FIVE FLAVOR CAKE 
2 sticks butter
1/2 c. vegetable shortening
3 c. sugar
5 eggs, well beaten
1 tsp. rum extract
1 tsp. lemon extract
3 c. all-purpose flour
1/2 tsp. baking powder
1 c. milk
1 tsp. coconut flavor
1 tsp. butter flavor
1 tsp. vanilla extract

Cream butter, shortening and sugar until light and fluffy. Add eggs, which have been beaten until lemon colored. Combine flour and baking powder and add to creamed mixture alternately with milk. Stir in flavorings. Spoon mixture into prepared 10 inch tube pan (the Bundt pan must be 10 inches or hold 12 cups; an angel food pan may also be used).
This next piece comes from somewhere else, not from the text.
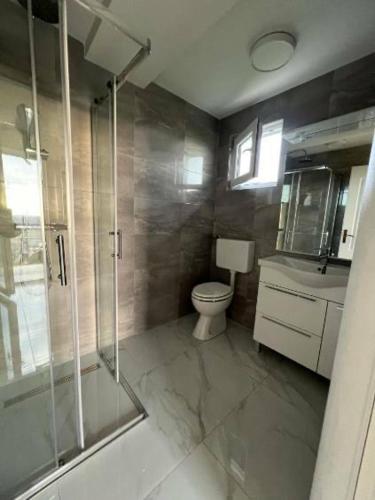 ein Bad mit einer Dusche, einem WC und einem Waschbecken in der Unterkunft Apartman za odmor Varović in Križevci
Bake at 325 degrees for 1 1/2 hours or until cake tests done. Add glaze if desired. Cool in pan about 10 minutes before turning out.

GLAZE:

1 c. sugar
1/2 c. water
1 tsp. each: coconut, rum, butter, lemon, vanilla & almond extracts

Combine ingredients in heavy saucepan. Bring to boil, stir until sugar is melted. Pour on 1/2 of the glaze while cake is in Bundt pan and the other half when removed.

Note: You can use any 5 flavors that you wish.